In the material below, find the span from the line with "лет опыта — 6" to the line with "Recambio de espejo" and transcribe only those lines, exactly, ends included, without the pictures.

━━━ Data to process

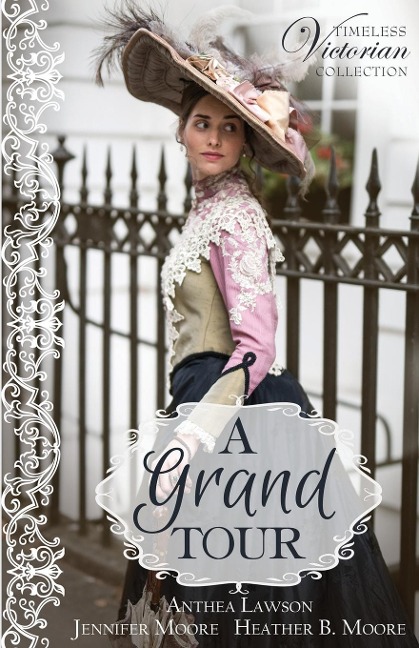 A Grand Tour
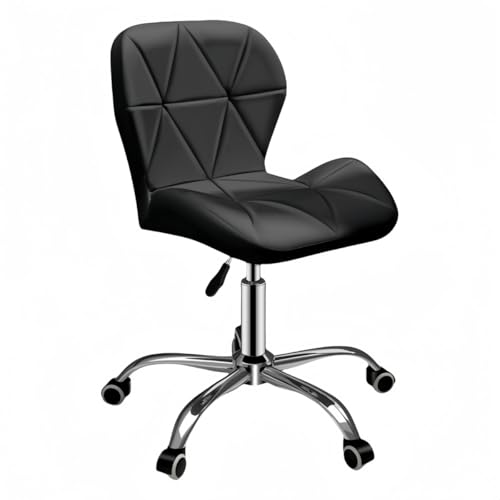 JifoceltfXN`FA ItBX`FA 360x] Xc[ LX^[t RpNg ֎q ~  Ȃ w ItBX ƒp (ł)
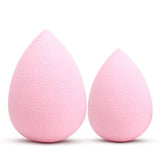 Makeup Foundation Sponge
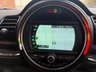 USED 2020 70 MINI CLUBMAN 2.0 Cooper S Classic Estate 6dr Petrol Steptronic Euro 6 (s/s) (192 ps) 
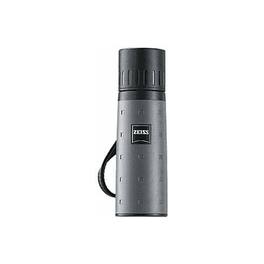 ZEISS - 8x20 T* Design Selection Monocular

━━━━━━
━━━ Data to process

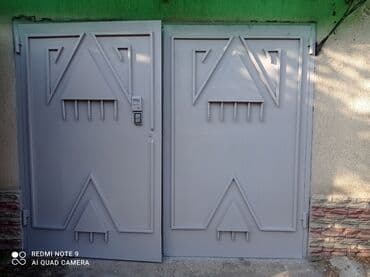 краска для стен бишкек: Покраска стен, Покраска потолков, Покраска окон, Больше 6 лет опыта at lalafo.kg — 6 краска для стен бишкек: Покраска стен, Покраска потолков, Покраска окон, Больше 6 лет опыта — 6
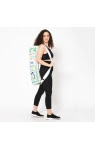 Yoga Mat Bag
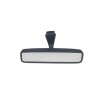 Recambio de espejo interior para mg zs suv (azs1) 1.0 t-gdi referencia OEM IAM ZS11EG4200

━━━━━━

- [Answer to the problem]:
 краска для стен бишкек: Покраска стен, Покраска потолков, Покраска окон, Больше 6 лет опыта at lalafo.kg — 6 краска для стен бишкек: Покраска стен, Покраска потолков, Покраска окон, Больше 6 лет опыта — 6
 Yoga Mat Bag
 Recambio de espejo interior para mg zs suv (azs1) 1.0 t-gdi referencia OEM IAM ZS11EG4200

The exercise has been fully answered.